I am a movie lover. I am also a book lover. So when the two combine I get extremely excited. When there’s spinoffs of concepts, such as this weekend’s release of The Huntsman: Winter’s War, it brings out the geek in me and I want to bring out some of my favorite bookish crafts. Having been in libraries awhile and having a deep love of books even more, I have a gigantic pinterest file and bookmark file filled with bookish crafts. Especially with the numerous movies coming out this year based on books, there are lots of opportunities to pull these crafts out for release parties in the next few months. Just a few include:
- Miss Peregrine’s Home for Peculiar Children coming September 30
- Fantastic Beasts and Where to Find Them coming November 18
- Alice Through the Looking Glass coming May 27
- A Monster Calls coming October 14
- The BFG and Legend of Tarzan coming July 1
- Jason Bourne coming July 29
- Suicide Squad coming August 5
On Karen’s Crafts YouTube channel, she has a brilliant tutorial on how to do book necklaces that turn out really pretty:
They’re really easy to do, and tweens and teens can knock out a bunch at a time. Depending on the artistic level of your kids, they can even make them look like their favorite books.

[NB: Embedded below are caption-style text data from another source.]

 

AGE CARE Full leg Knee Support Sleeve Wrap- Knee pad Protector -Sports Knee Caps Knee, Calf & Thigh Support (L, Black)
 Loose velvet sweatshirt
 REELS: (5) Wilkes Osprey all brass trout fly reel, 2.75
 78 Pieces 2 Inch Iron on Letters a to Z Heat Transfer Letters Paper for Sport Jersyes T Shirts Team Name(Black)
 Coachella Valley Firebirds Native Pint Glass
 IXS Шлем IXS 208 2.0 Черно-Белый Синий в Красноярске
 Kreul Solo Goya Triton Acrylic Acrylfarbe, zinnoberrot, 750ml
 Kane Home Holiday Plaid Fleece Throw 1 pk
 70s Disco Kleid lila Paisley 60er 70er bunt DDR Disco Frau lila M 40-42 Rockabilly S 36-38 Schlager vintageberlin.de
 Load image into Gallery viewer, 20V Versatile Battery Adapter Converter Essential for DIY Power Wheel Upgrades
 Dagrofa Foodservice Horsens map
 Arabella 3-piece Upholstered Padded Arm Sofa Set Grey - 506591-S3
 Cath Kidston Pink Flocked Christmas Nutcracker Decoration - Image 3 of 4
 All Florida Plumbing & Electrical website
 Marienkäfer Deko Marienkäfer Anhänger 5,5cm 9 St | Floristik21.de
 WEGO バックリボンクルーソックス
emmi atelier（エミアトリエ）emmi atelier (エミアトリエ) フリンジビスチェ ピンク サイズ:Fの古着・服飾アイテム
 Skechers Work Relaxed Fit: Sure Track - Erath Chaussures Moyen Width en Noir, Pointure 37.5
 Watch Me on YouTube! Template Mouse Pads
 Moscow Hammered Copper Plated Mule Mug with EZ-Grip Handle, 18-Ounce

Over on Instructables, Sadi789 has shared instructions on how to create a washer based book page necklace that really went over well with my guys. They washers that are shown have a larger interior circumference than ours had (smaller area that the book pages show), but they still end up being a really awesome bookish craft that doesn’t skew too girly.
Over on Julzreads, she put together book charms with cut outs from discarded books and sealing them on cheap charms with diamond glaze. Mixing creations like these in with a variety of beads can create a really beautiful charm bracelet to wear and declare your favorite fandom.
One of my favorite things to do with discarded and withdrawn books that even the book sale can’t use is found or blackout poetry. It’s one of the easiest things to do and is perfect for a self-directed activity. All that is needed is torn-out pages of discarded books, pencils, and markers. Teens look at pages, and pull out words to make poems. They use the pencils to mark their designs, and then use the markers to color out (or in) the emphasis they want. They can be created with any pages but I’ve found that my teens were partial to juvenile or teen books, rather than adult books.
What bookish crafts are you in love with?